Having solved a lot of those by hand, I found the human logic to be very algorithmic-ish given how the same kind of reasoning takes place in most situations (which is also what motivated me in writing a solver).
However, I am encountering problems when trying to formalize some of that logic.

What is picross

Also called nonograms, they are puzzles consisting of an empty grid with clues on the top and left borders:
empty picross grid
The clues indicate the length of groups of consecutive cells that need to be checked, and groups must be separated by at least one empty (unchecked) cell. Clues are ordered.
For example, clues 7 2 in the first row indicate that the following must take place somewhere in that row:

  • 7 consecutive cells must be checked
  • at least one cell must be left empty after that 7-long sequence
  • another 2 consecutive cells must be checked after the empty cell(s)

Here is what the solved grid looks like:

solved picross grid

In order to help in the process of solving, it is also possible to cross cells to indicate that they cannot be checked, as in they must remain empty for sure.

Trivial solving

The easiest part of the solving is filling the empty grid with what you can deduce from the clues alone in each row and column. In that regard, some clues are nice, and some clues are not so nice.
For example, given that the previous grid is 10 cells wide, and that clues 7 2 fit in exactly 10 cells (7 checks + 1 space + 2 checks), there is only one possible solution for the first row.
However, by looking at the second row and its clue 6, you will only be able to find that only cells at columns 5 and 6 can be checked with certainty:

|■|■|■|■|■|■| | | | |     1. Check the 6 leftmost cells
          ↓
| | | | |■|■|■|■|■|■|     2. Slide the group all the way to the right
          ↓
| | | | |■|■| | | | |     3. Keep cells that are *always* checked during the sliding

You can generalize this reasoning to a group of several clues by calculating the minimum space in which they fit, computing the difference with the actual available space and checking cells at only certain indices depending on those two numbers.
As mentioned, this is the easy part, because it only depend on the clues. It assumes the row or column is empty and thus it doesn't take its state into account.

Further (iterative) solving

From that point onwards, several other pieces of reasoning can be performed in a loop on each row and column, and that will be sufficient to solve the entire grid in most cases. This paper, from section 2.2.2 (p. 16), identifies all such techniques. There is one problem however: these reasonings take into account the current state of a row or column, they build upon it. What that means is that in order for most of those to be carried out, they need to know which group of checked cells may correspond to which clue.

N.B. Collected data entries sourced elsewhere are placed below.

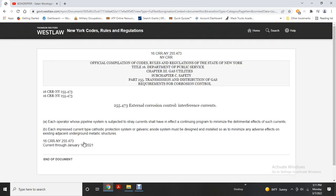External corrosion control — interference currents: each operator whose pipeline system is subject to stray currents shall maintain a continuing program to minimize the detrimental effects of those currents. Each impressed current cathodic protection system and galvanic anode system must be designed and installed to minimize adverse effects on existing adjacent underground metallic structures.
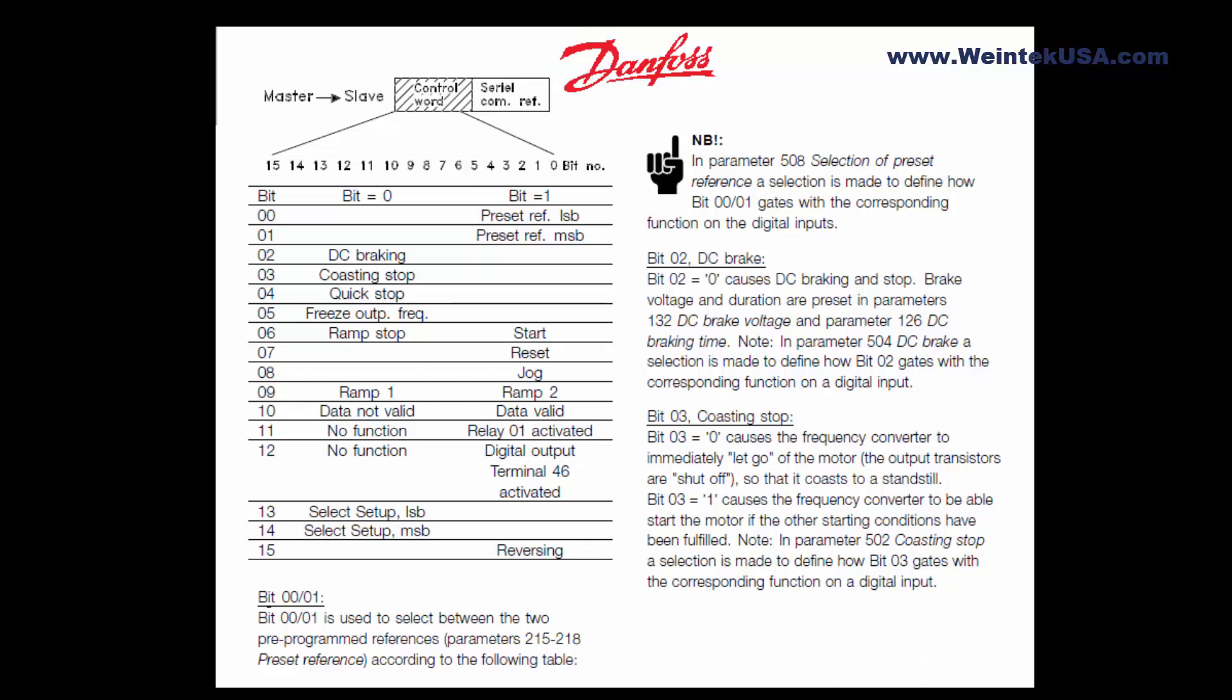And what I discovered was that we had to write all of this data in a single write to the Danfoss.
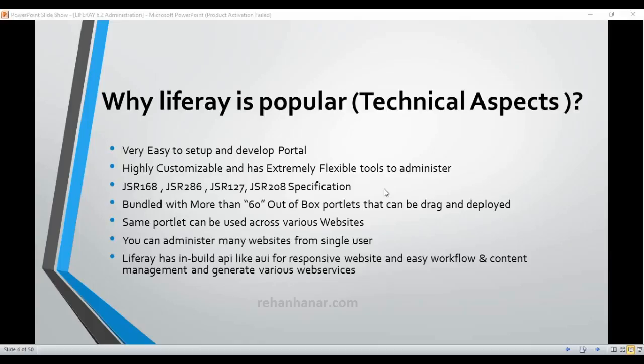It also has highly flexible tools to administer. For example, if you want to change the test database, you can just go and change the configuration. Everything in Liferay is provided, so it is very highly customizable and has extremely flexible tools to administer.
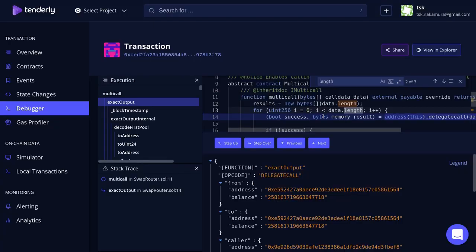That is all I have to share about the debugger in tenderly.co. It's a very useful feature, so check it out. Have fun debugging. Thanks for watching and see you later.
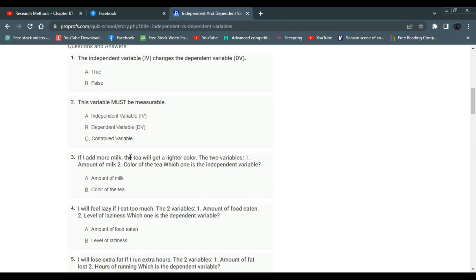If I add more milk, the tea will get a lighter color. The two variables are: one, amount of milk; two, color of tea. Which one is the independent variable? The answer is amount of milk — it is the independent variable. The color of tea is the dependent variable.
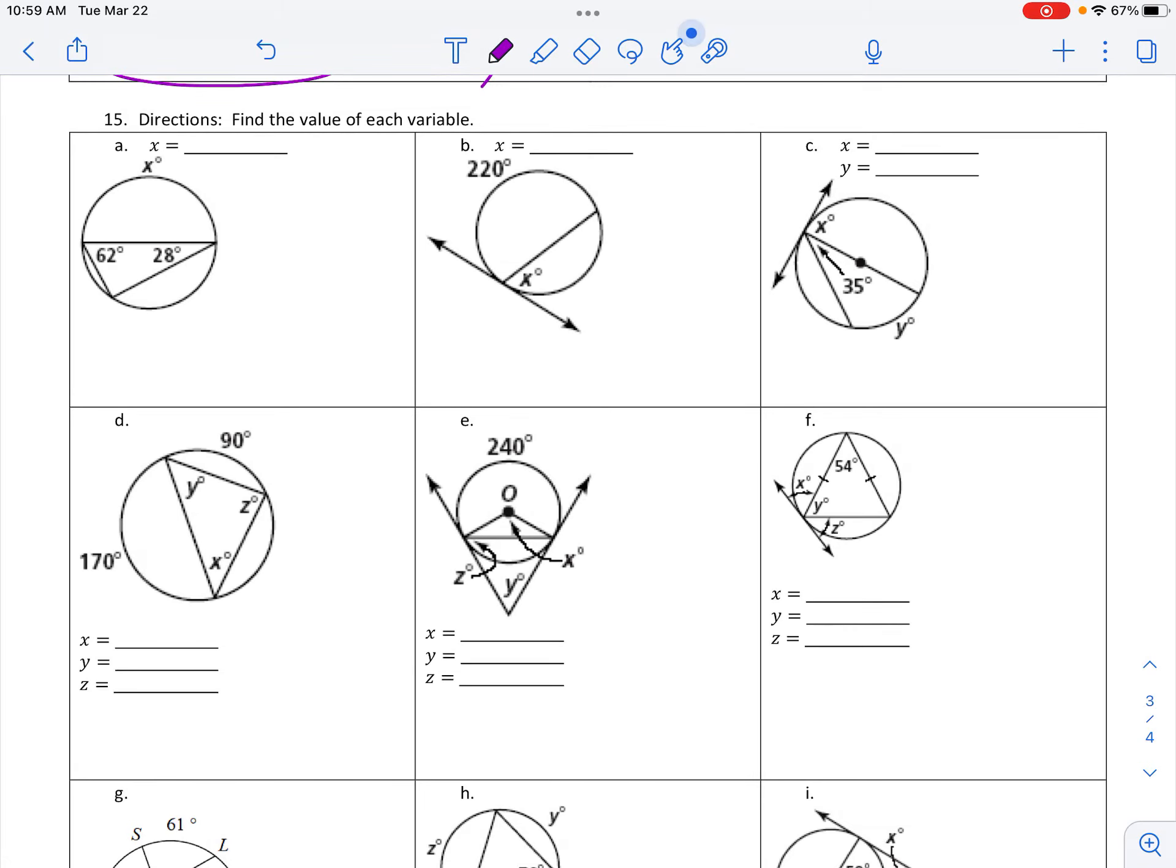Okay, number 15. First thing is trying to find x. That x is part of this inscribed angle, so in a triangle I see 62 plus 28. All right, 62 plus 28 is 90 triangle, that means this is gonna be 90.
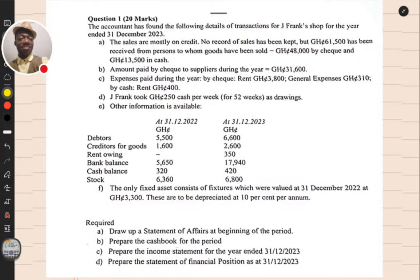Today I want to discuss a key, fundamental topic in financial accounting, which is incomplete records and single entry — one of the corrective accounting issues that as an accountant you should be able to work out and produce a financial statement. Issues on incomplete records and single entry arise where the details for preparation of a financial statement are not complete. So as a good accountant, you should be able to look at the information, redraft everything, and produce a correct financial statement.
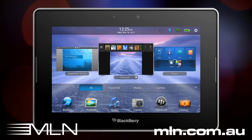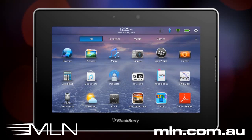You can customize the icons that are displayed on the home screen by moving positions, categories, and hiding icons. To enter edit mode, tap and hold an icon until it starts to scale.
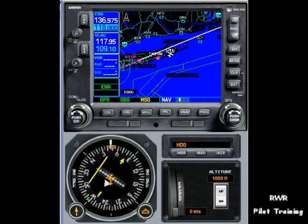Hi, this is Dick Rochfort. Thanks for joining me. I want to discuss today the OBS button on the Garmin 530/430 series.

For example, considering the following row (10-wide with clues 3 4): 

3 4║ | | | | |■| | |■| ║

an algorithm identifying which cell may belong to which clue would tell me the following:
both cells 6 and 9 belong to clue 4
Reason: if cell 6 belonged to clue 3, a group satisfying clue 4 would not fit in the row (at least while being properly separated by an empty cell, as required). Cell 9 cannot belong to clue 3 for the same reason, as well as because cell 6 is located before and was found to exclusively belong to clue 4, which is after clue 3.

For the following row: 

3 4║ | | |■|■| |■| | | ║

the algorithm would tell me:
cells 4 and 5 belong to clue 3, and cell 7 belongs to clue 4
Reason: if cells 4 and 5 belonged to clue 4, a group satisfying clue 3 would not fit in the row. In the same way, there would not be enough space to satisfy clue 4 if cell 7 belonged to clue 3.

Finally, for the following row:

3 4║ | | | |■| |■| | | ║

the algorithm would tell me: cell 5 belongs to either clue 3 or clue 4, but cell 7 belongs to clue 4 for sure
Reason:

  • if cell 5 belongs to clue 3, there is still enough space for both a group of three ending at cell 5 and a group of four beginning at cell 7. Cell 5 may belong to clue 3.
  • if cell 5 belongs to clue 4, there is still enough space for both a group of three starting at cell 1 and a group of four starting at cell 5. Cell 5 may belong to clue 4.
  • if cell 7 belongs to clue 4, there is plenty of space for both groups required by clues. Cell 7 may belong to clue 4.
  • if cell 7, however, belonged to clue 3, there would not be enough space for a group satisfying clue 4 afterwards. Cell 7 may not belong to clue 3.

And this is exactly that algorithm which I'm having trouble writing down.
It also turns out I was able to come up with a solution while writing this question. See my (rather long) self-answer below.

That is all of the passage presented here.